Wednesday, March 22, 2006

Off Their Rockers


Welcome to "The Gods Are Bored!" If your religious views are set in stone, throw that rock into an active volcano and get it re-fired!

We know, we know, there's a well-respected faith that claims to be built on solid rock, and all other ground is sinking sand. Well, I don't know about you, but my home is built in firm dirt, and that's why I have a big basement. Truth be told, I'd be hard-pressed to tell you where to find sinking sand.

When I was a young stripling working for Goats R Us in Saline, Michigan, I had a colleague named Albert Ruby. Bert was a generation older than the rest of us, he'd been to Vietnam, and he had the most filthy mouth I've ever heard in my life. He also never met a skirt he didn't want to chase.

Nevertheless, we all liked Bert because he was funny as all get-out, especially after a few cold beers.

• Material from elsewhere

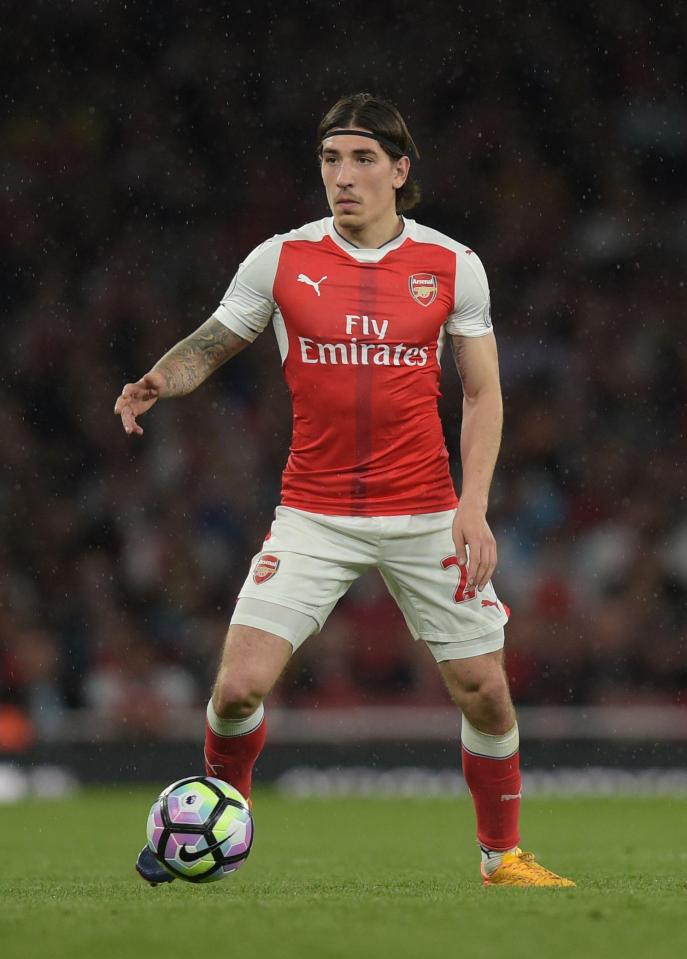  Hector Bellerin remains one of Barcelona's No.1 transfer targets for summer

He was famous for claiming that a man would be better off financially if he just hired prostitutes all his life, rather than getting married.

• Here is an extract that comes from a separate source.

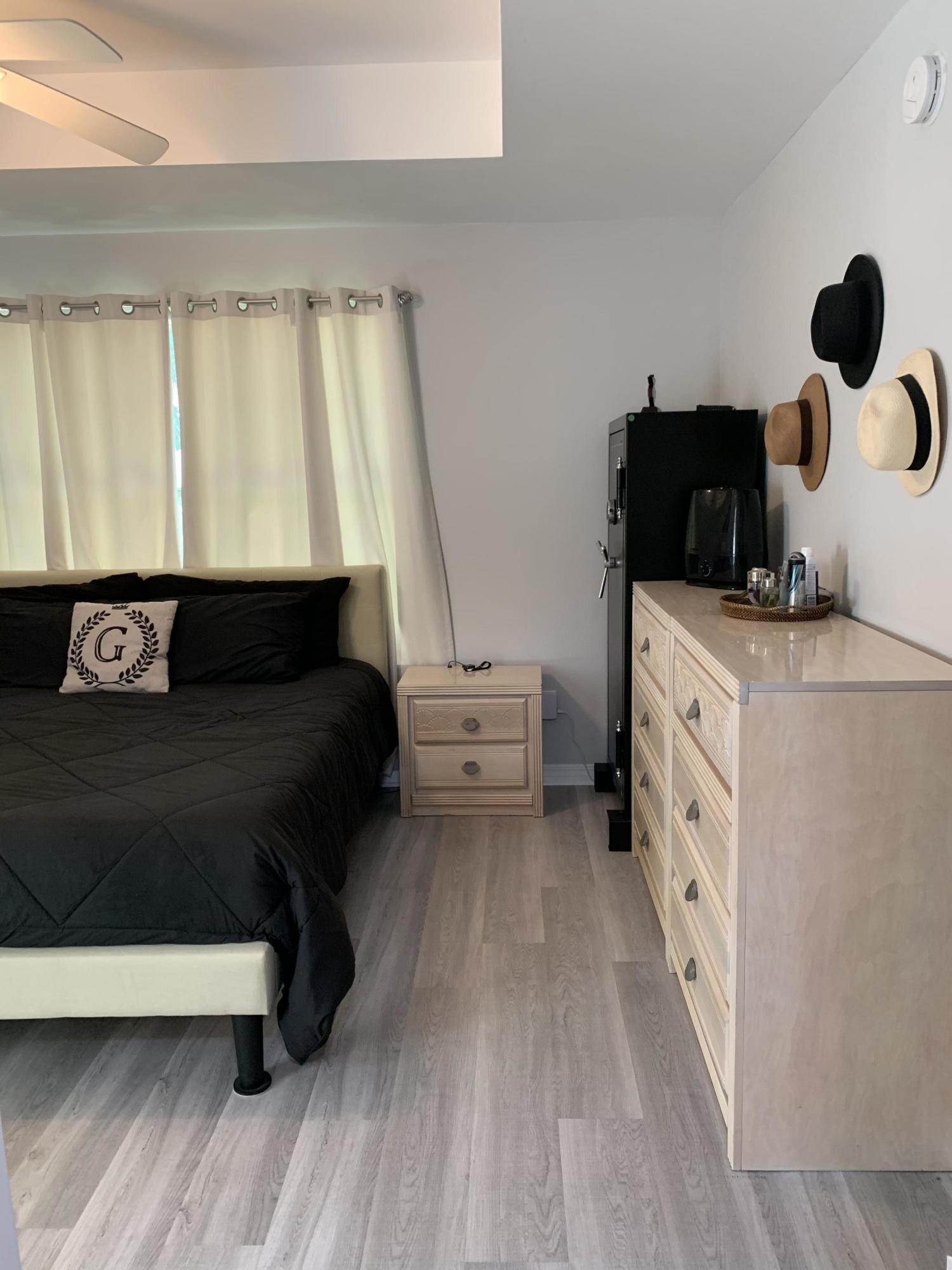 AZALEA GARDENS DESTIN - Residential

(Yeah, I didn't claim he was a prince of a man, did I?)

One day Bert said something that made us all think. The statement was odd because:
A. It contained no swearwords
B. It did not relate to fornication

This is what he said:

"A poor man can't afford to buy a cheap pair of pants."

What he meant was, that if a poor man saved enough money to buy a good pair of pants, that good pair of pants would last him far longer and save him money in the long run. Cheap pants wear out fast.

I'm reminded of this sage advice by the news today that Wal-Mart is recalling 243,000 porch rockers due to structural defects that cause them to tip over. Already more than a dozen people have been injured from tipped rockers, including one pregnant woman who went into premature labor.

Most of the people who shop at Wal-Mart are trying desperately to save money. But what they're buying is cheap merchandise that won't last. Poor man's pants.

Were those 243,000 shoddy porch rockers built in America, in a unionized factory under quality control supervision? Or were they assembled in sweatshops at bottom-feeding wages? We'll never know, because Wal-Mart is probably even now hiring the expensive lawyers who will see to it that no class action suit based on the rockers ever takes a penny from the Wal-Mart coffers.

We at "The Gods Are Bored" endorse the notion of saving for better quality merchandise. And here's another tip: You can get great porch rockers at yard sales if you just keep your eyes peeled.

We have a big, "Shady Rest" kinda front porch ourselves, and one of the rockers came from a yard sale. That sucker is heavy as granite and is built to withstand Armageddon without so much as a scratch to the paint.

Saving money at Wal-Mart? Not in the long run.

As for Bert's economic guide to marriage, I doubt if you could persuade a prostitute to do six loads of laundry on a Saturday morning.